• **Given data**:

[Start of Attachment]

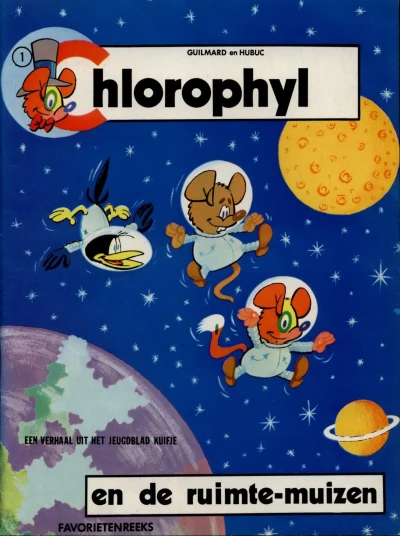 Cover of Chlorophyl en de ruimte-muizen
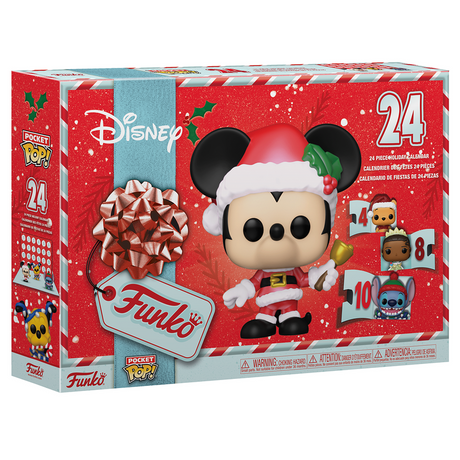 Funko Pocket Pop! Disney julekalender – 24 figurer – kalender og viste indholdsdele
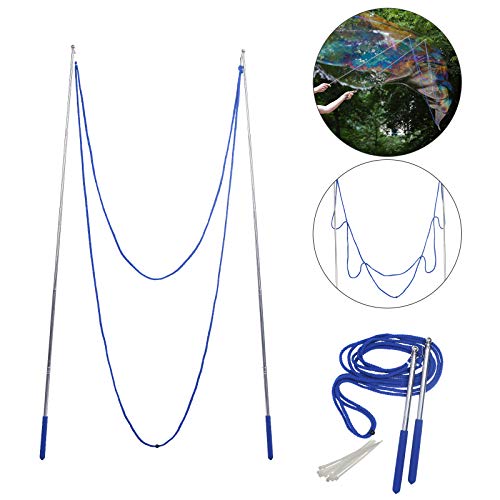ZERHOK Cuerda para Giant Bubble 1pcs Varita telescópica para Burbuja Bubble Show...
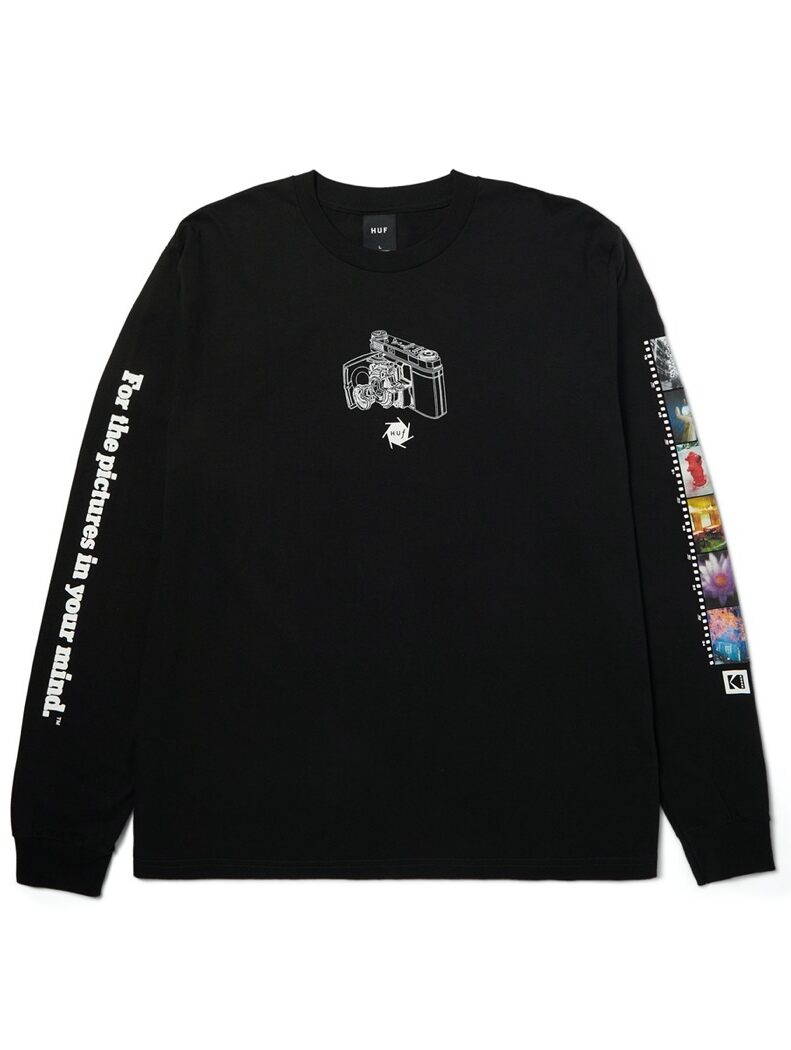 HUF Inner Vision Longsleeve - black S HUF Inner Vision Longsleeve - black XXL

[End of Attachment]

• **Aim of the exercise**:
When a picture appears in the material, please pass over it while retyping the rest exactly.

• **Solution to the problem**:
 Cover of Chlorophyl en de ruimte-muizen
 Funko Pocket Pop! Disney julekalender – 24 figurer – kalender og viste indholdsdele
ZERHOK Cuerda para Giant Bubble 1pcs Varita telescópica para Burbuja Bubble Show...
 HUF Inner Vision Longsleeve - black S HUF Inner Vision Longsleeve - black XXL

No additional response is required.